Data extract:
# # # #
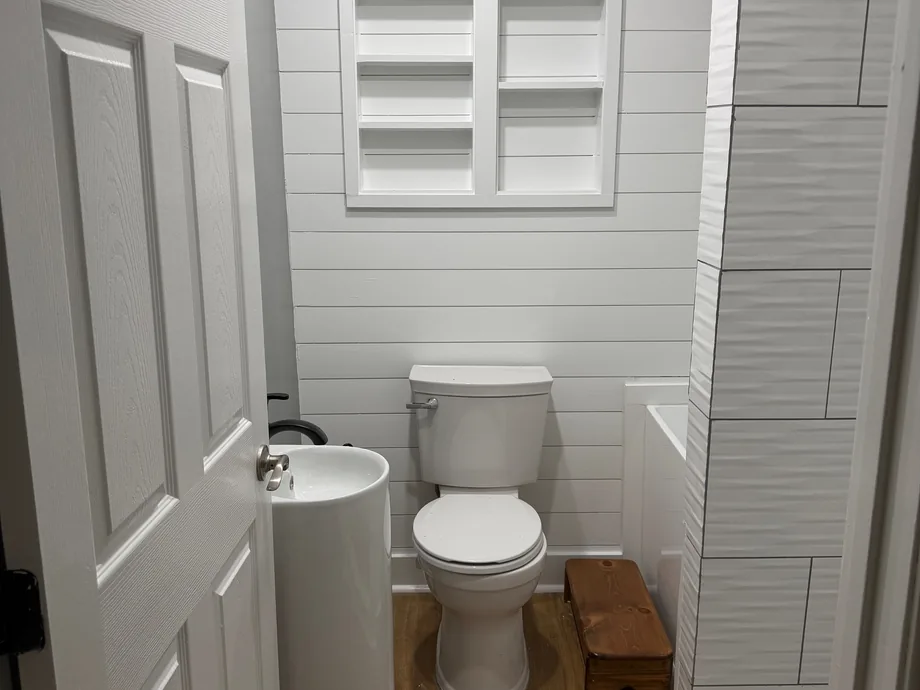 Remodeled bathroom with a white textured tile wall, toilet and wood floor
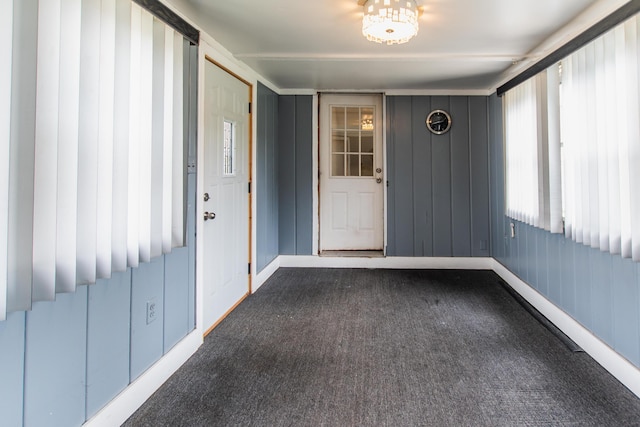 view of carpeted foyer
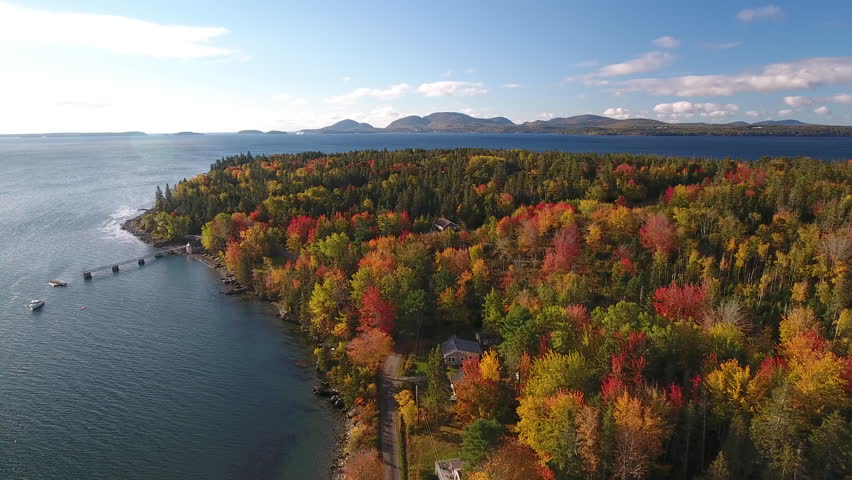 A breathtaking aerial view of Hancock, Maine looking across Mt Desert Narrows to Acadia National Park with the Fall colors in their peak. USA
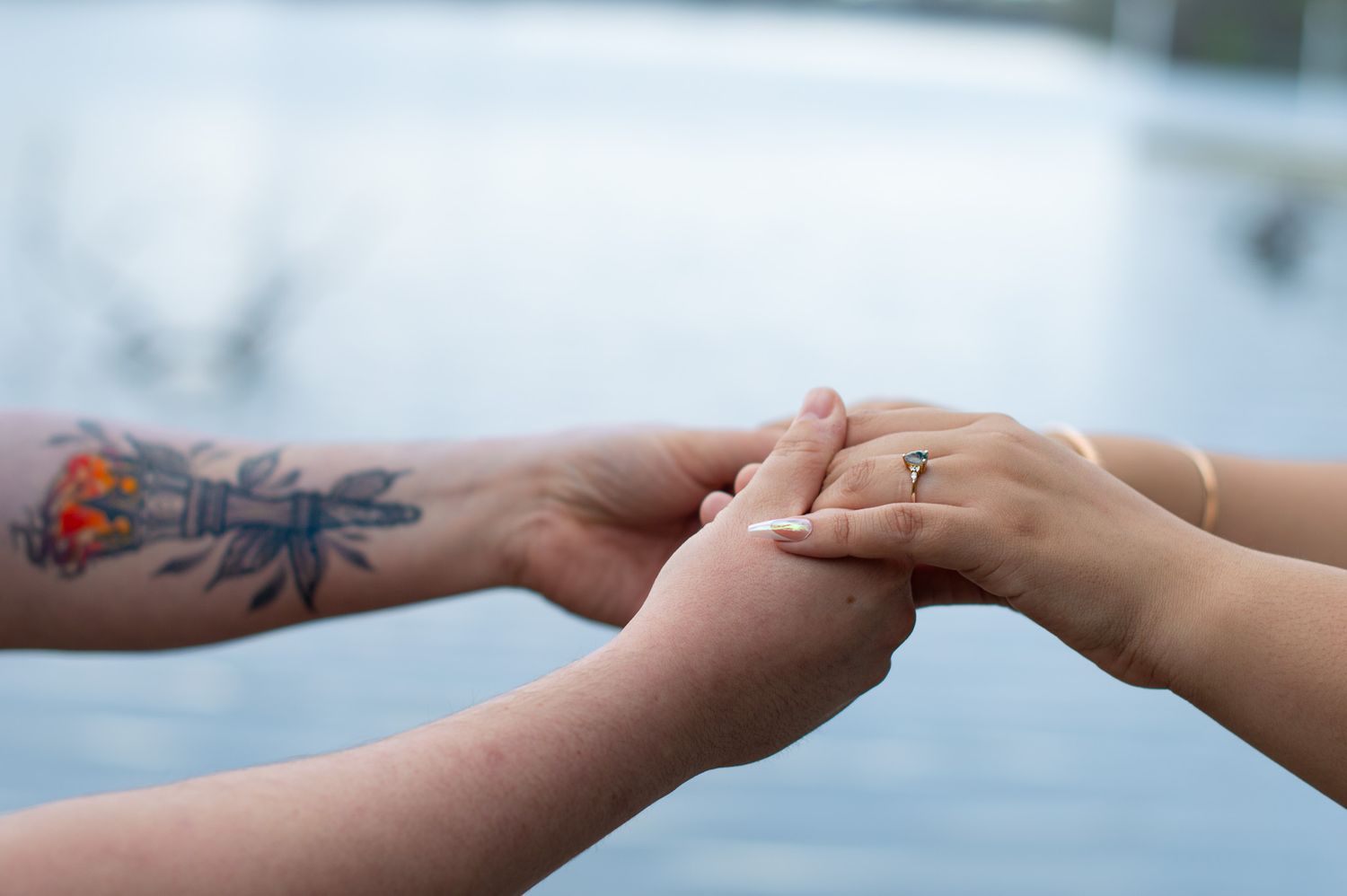 Two people holding hands, one with a colorful tattoo on their forearm and the other wearing a diamond ring.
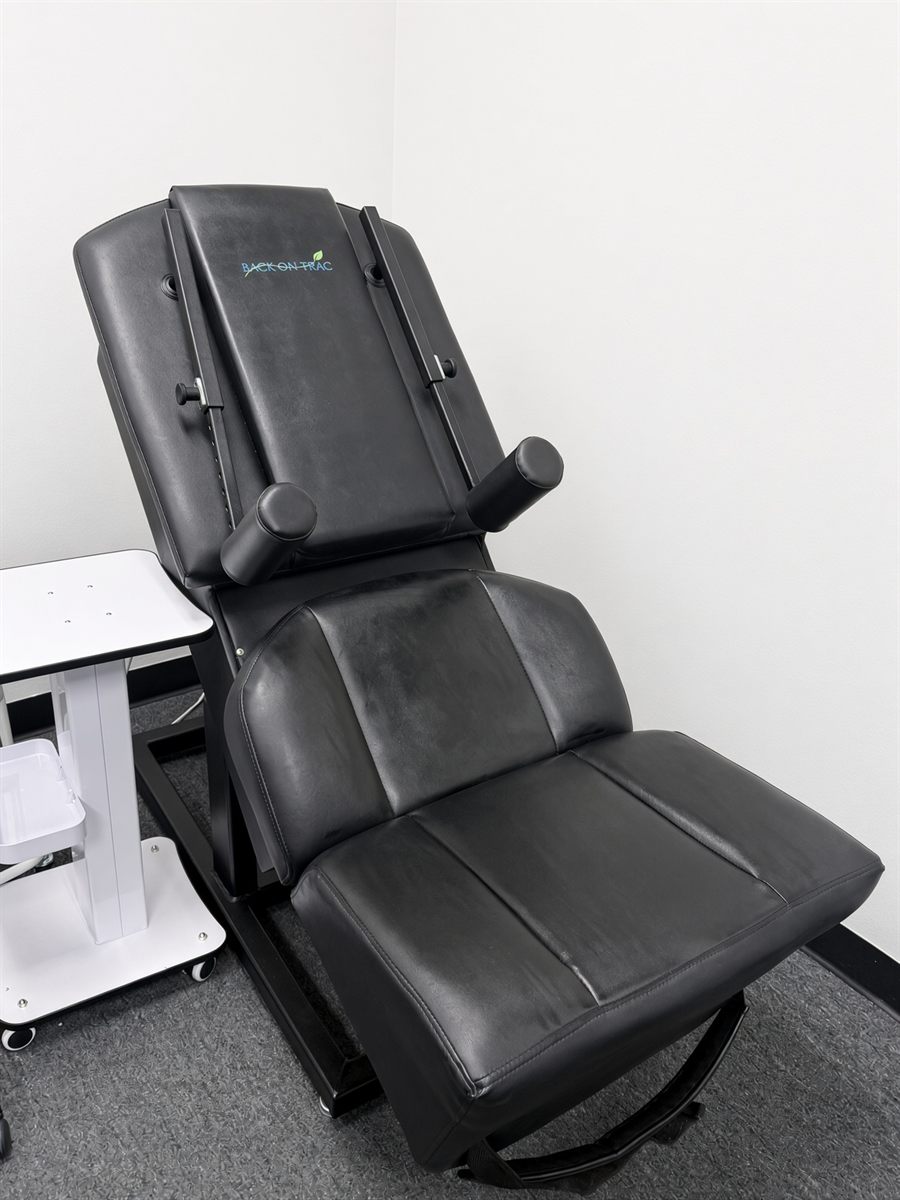 Back On Trac seated lumbar traction chair in a private room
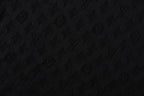 Black T-shirt fabric with subtle monogram pattern texture
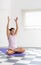 Young woman raising arms in lotus position, preparation for yoga practice in minimalist bright ambience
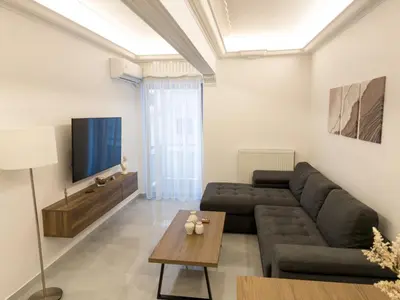 a living room with a couch and a tv at Alexandra's Apartment in Athens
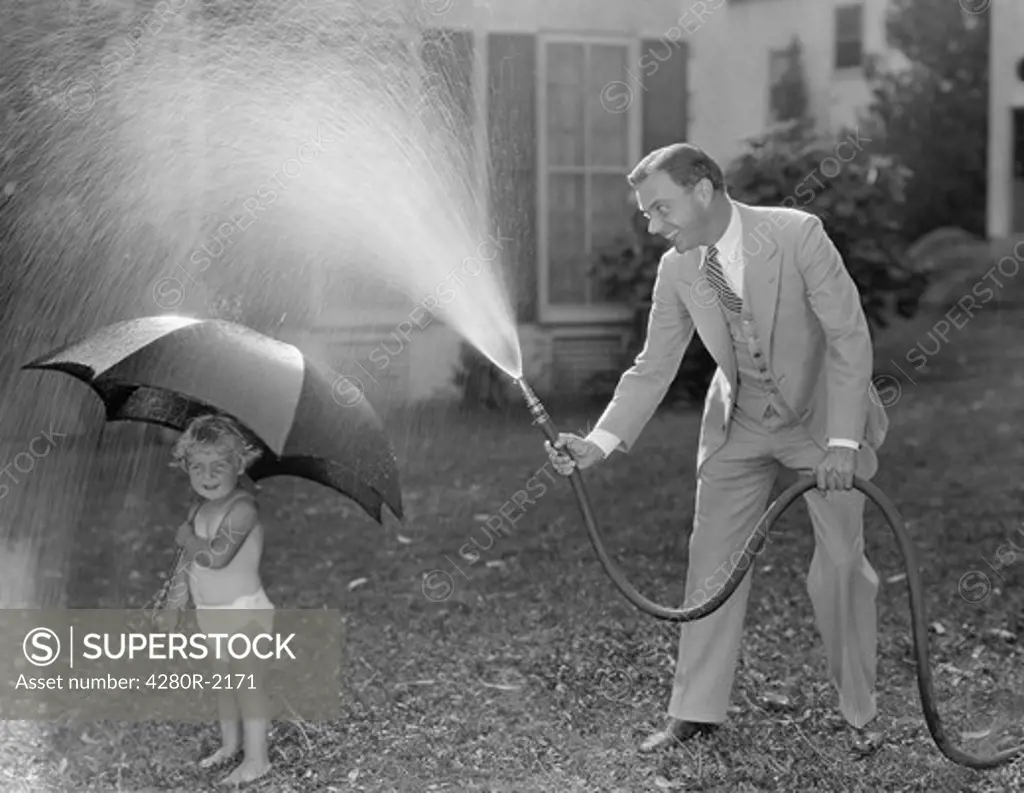 Toddler and dad playing with hose in yard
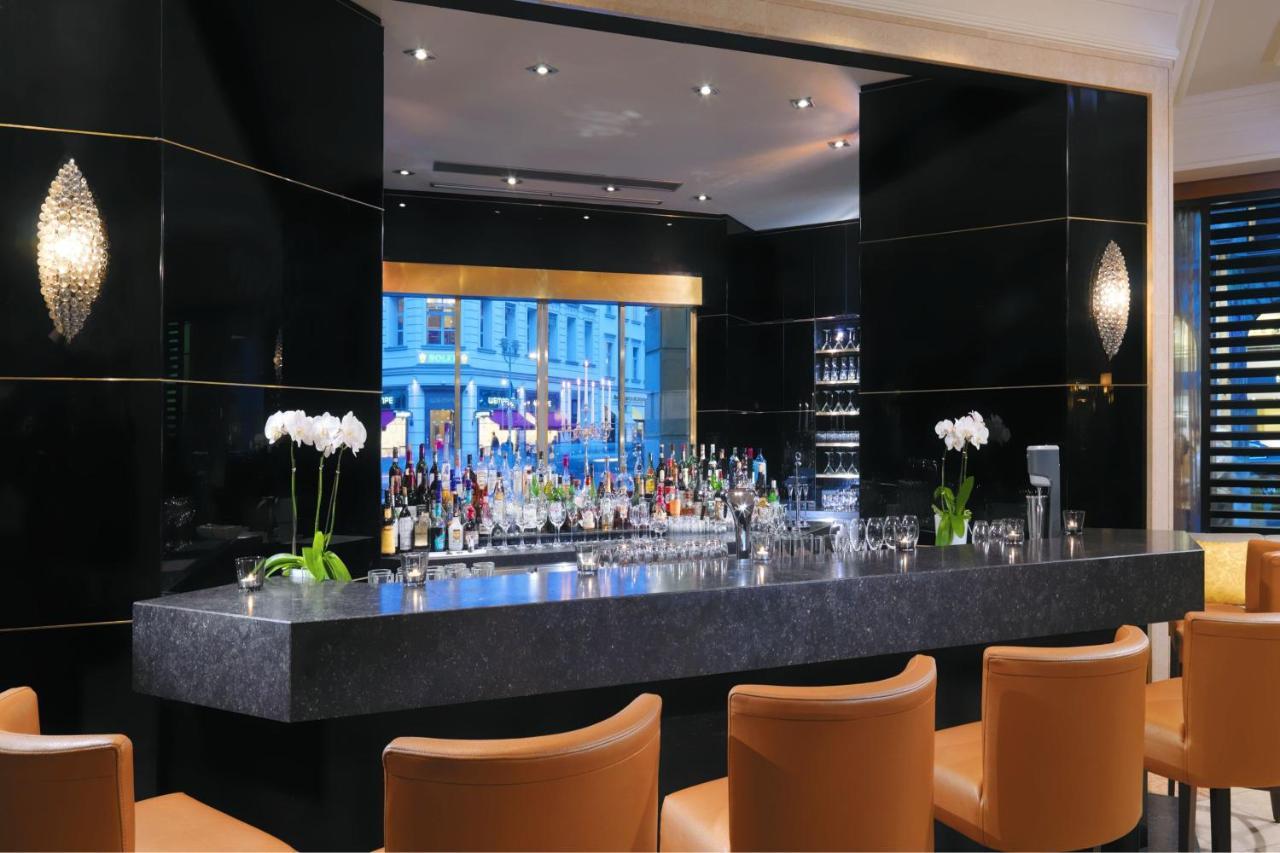 Hotel The Westin Grand Berlino Esterno foto The photo depicts a modern bar area with a sleek and elegant design. The bar counter is made of dark stone, and behind it is a well-stocked bar shelf featuring various bottles of alcohol. The backdrop is decorated with black panels, giving it a luxur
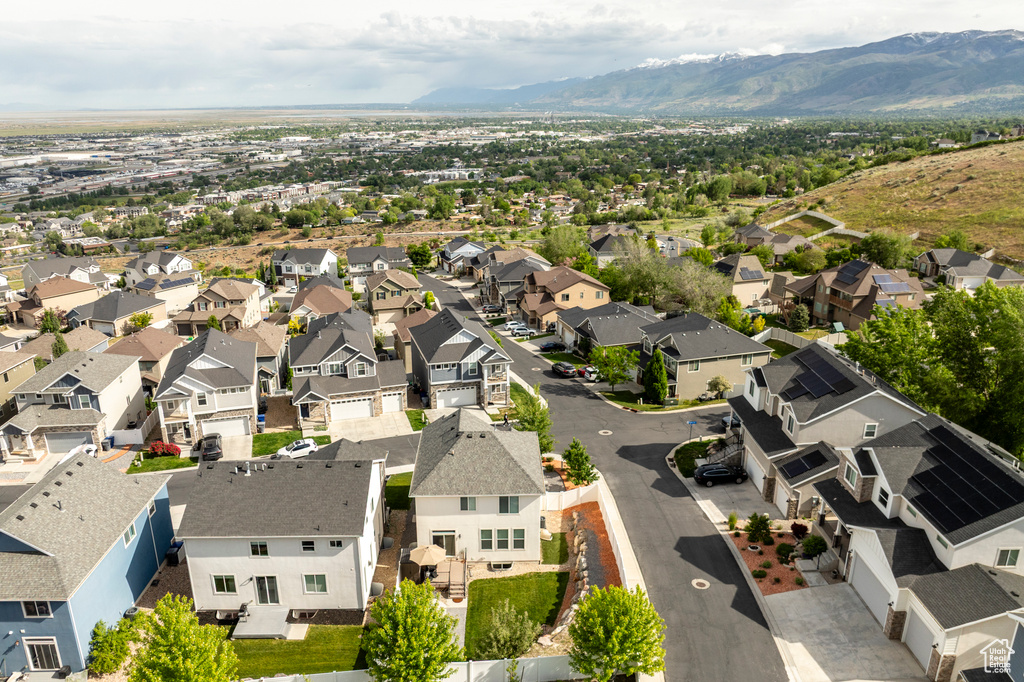 Aerial perspective of suburban area with a mountainous background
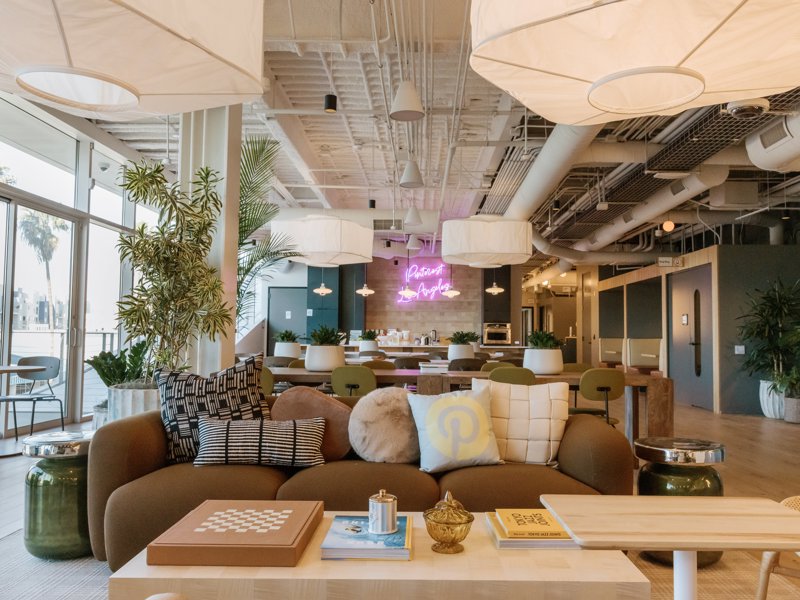 a room with a couch and tables and lamps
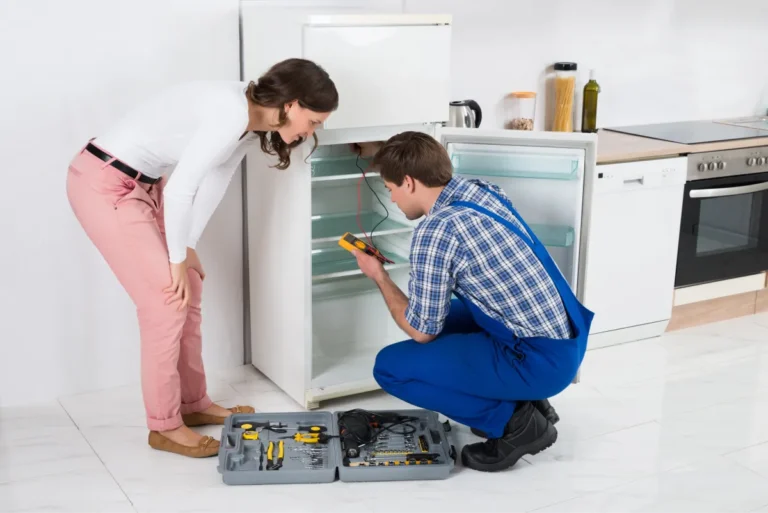 Worker repairing fridge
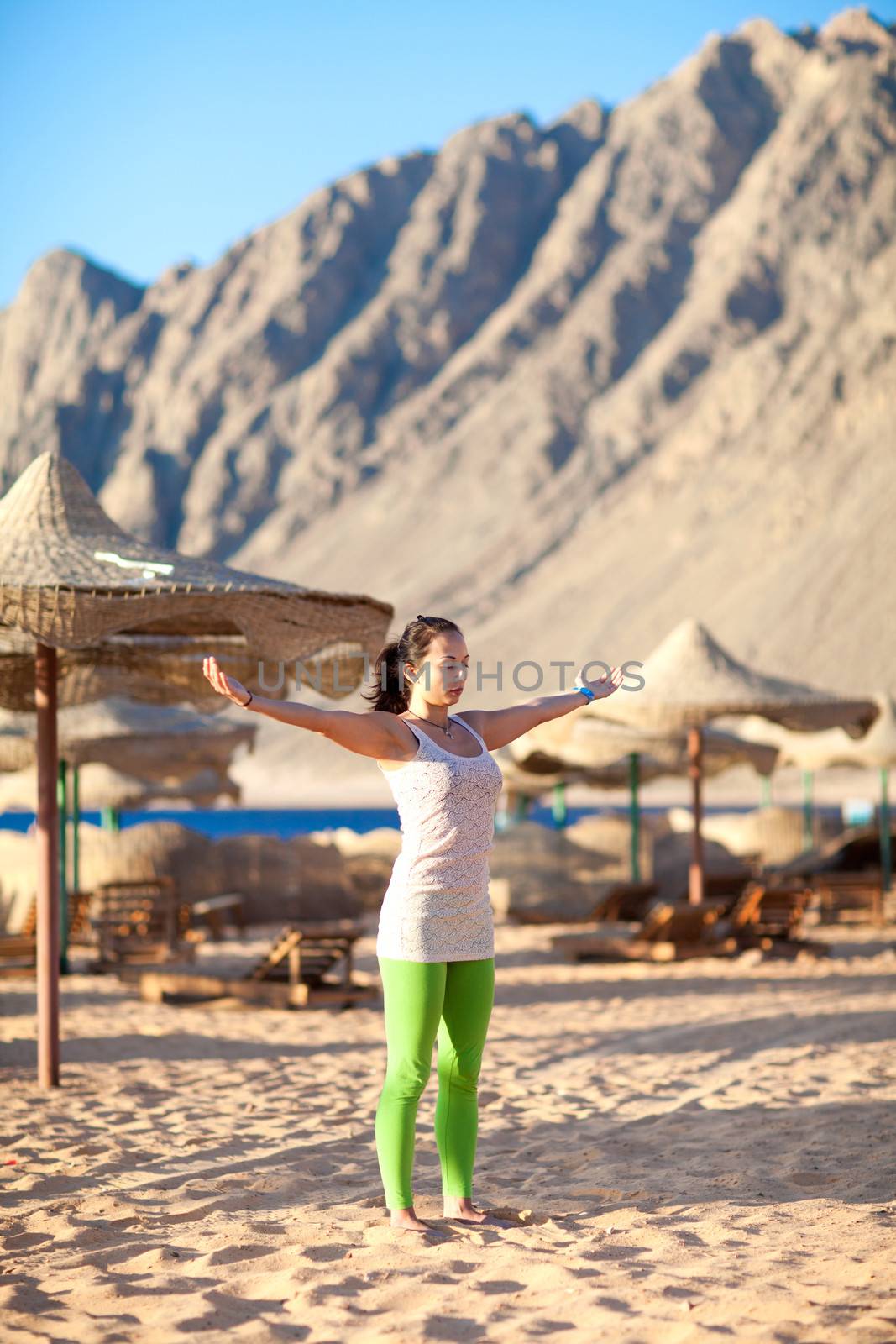 girl meditating on the beach by vsurkov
# # # #
Prompt:
Repeat the material above verbatim. Leave the pictures behind.

Response box:
 Remodeled bathroom with a white textured tile wall, toilet and wood floor
 view of carpeted foyer
 A breathtaking aerial view of Hancock, Maine looking across Mt Desert Narrows to Acadia National Park with the Fall colors in their peak. USA
 Two people holding hands, one with a colorful tattoo on their forearm and the other wearing a diamond ring.
 Back On Trac seated lumbar traction chair in a private room
 Black T-shirt fabric with subtle monogram pattern texture
 Young woman raising arms in lotus position, preparation for yoga practice in minimalist bright ambience
 a living room with a couch and a tv at Alexandra's Apartment in Athens
 Toddler and dad playing with hose in yard
 Hotel The Westin Grand Berlino Esterno foto The photo depicts a modern bar area with a sleek and elegant design. The bar counter is made of dark stone, and behind it is a well-stocked bar shelf featuring various bottles of alcohol. The backdrop is decorated with black panels, giving it a luxur
 Aerial perspective of suburban area with a mountainous background
 a room with a couch and tables and lamps
 Worker repairing fridge
 girl meditating on the beach by vsurkov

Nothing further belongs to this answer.